Published:Sunday | August 7, 2011 | 12:00 AM
Church on Spilled Blood built on the spot where Tsar Alexander II was assassinated in 1881. - Photo by Laura Tanna
Recreation of dinner in the basement of the Yusupov Palace where Rasputin (right) was poisoned and shot by Prince Felix Yusupov 1916.
Rostral Column on the Strelka designed as a lighthouse in 1810 sits in front of the Naval Museum.
Main entrance to the Hermitage Museum.
Malachite urn in the Hermitage collection.

Laura Tanna, Contributor

For years I've been hearing about the magnificent treasures of the Hermitage Museum in St Petersburg, a city founded in 1703 by Russia's Peter the Great in his quest to have a navy and port with access to the Baltic Sea. Most people visit on cruises, stopping for a day or two, only to say it isn't enough.

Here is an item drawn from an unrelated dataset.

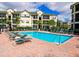 Community pool with lounge chairs and lush landscaping, set against a backdrop of residential buildings at 5168 Northridge Rd # 209, Sarasota, FL 34238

Instead, we booked five nights at the famous Grand Hotel Europe, centrally located on the Nevskiy Prospekt. I emailed the concierge for advice on visas and guided tours. The Russian Embassy in Kingston is most helpful, especially when one has a prepaid hotel voucher, forms in duplicate, money and photos. Had I known there is a fast train between Moscow and St Petersburg, we might have gone to Moscow too, but I didn't include it in our visa application.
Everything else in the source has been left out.